During the tax years at issue, Aerie 3207 filed for property tax exemptions with the Hendricks County Property Tax Assessment Board of Appeals, asking for either a fraternal benefit association exemption or a charitable purposes exemption on its real and personal property. The board denied those exemptions for both years, as did the Indiana Board of Tax Review.
Aerie 3702 then appealed in Whitelick Indiana Aerie 3207 Fraternal Order of Eagles, Inc. v. Hendricks County Assessor, 49T10-1608-TA-21, but Indiana Tax Court Special Judge Mark E. GiaQuinta affirmed the boards’ decisions in a Friday opinion. Specifically, GiaQuinta said Aerie 3207 does not qualify as a “society” under Indiana Code 27-11-1-1, but rather is a “subordinate” to the society, which, here, is the Grand Aerie, or governing body of the lodge. Thus, because that statute defines fraternal benefits associations as societies, not subordinate lodges, it cannot qualify for a fraternal benefit association exemption under I.C. 6-1.1-10-23.
Further, GiaQuinta noted that Aerie 3207 does not issue a benefits contract to ensure payment of the death benefit to members’ beneficiaries. Without that contract, the organization’s payments cannot qualify as a “benefit” under I.C. 27-11-6-1, so it does not meet the definition of “operating for the benefit of members,” which is required to obtain an exemption, he said.
Though “safe harbor” language in I.C. 27-11-9-4 allows certain organizations to avoid any section of I.C. 27-11 they cannot meet, GiaQuinta wrote that language does not apply to Aerie 3207 because the statute “clearly anticipates transactions involving the issuance of benefits between at least two levels among the hierarchy that comprise the society.” Here, that hierarchy does not exist, because Aerie 3207 provides the death benefits solely on its own.
Further, GiaQuinta wrote Aerie 3207 does not qualify for a charitable purposes tax exemption under I.C. 6-1.1-10-16 because it failed to establish its property was predominantly used for a charitable purpose.
Pointing to the case of Fraternal Order of Eagles #3988, Inc. v.
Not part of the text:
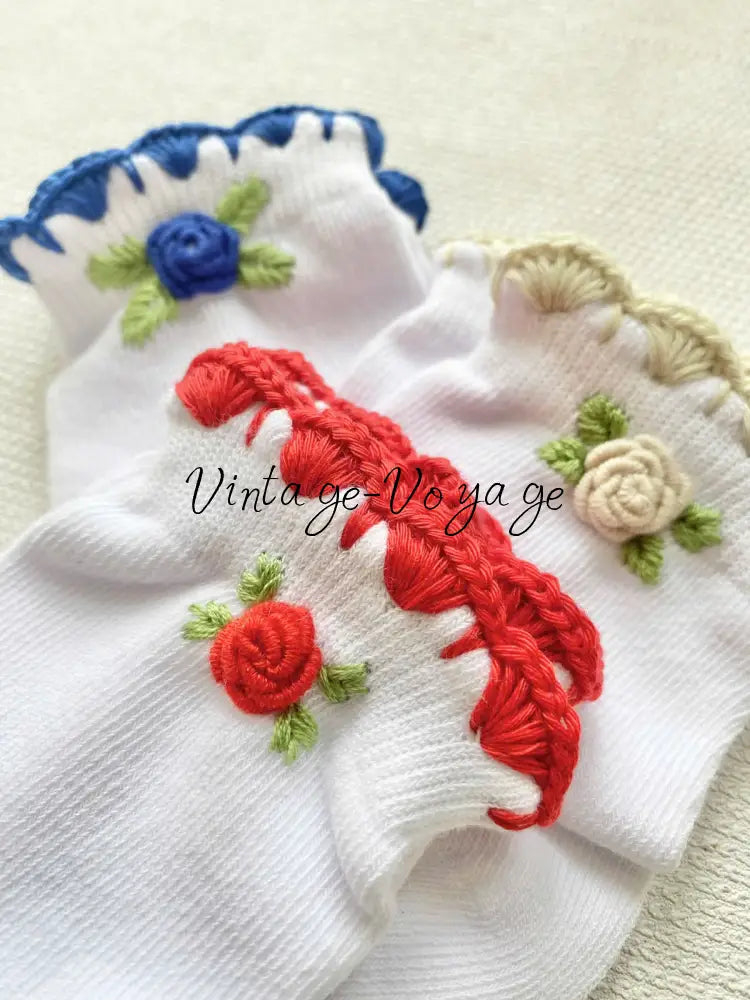 PRE-ORDER & GET NEXT WEEK! NEW SEASON! MIRANDA NAVY EMBROIDERED COTTON HAND-EMBROIDERED CARDIGAN SOCKS & HAIR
Morgan County Property Tax Assessment Board of Appeals, 5 N.E.3d 1195, 1198 (Tax Ct. 2014), which addressed the need for time usage reports, the special judge said Aerie 3207 didn’t provide the board “with any comparison of the time its property was used for exempt versus non-exempt purposes.” The organization also failed to prove the activities that it claimed were charitable “satisfied the common law definition by relieving human want.”
Finally, in footnotes to his opinion, GiaQuinta urged the General Assembly to “consider whether the purposes which gave rise to property tax exempt status to fraternal benefit associations still exist” and to “recognize the changing nature of these clubs and update the relevant statutory framework.”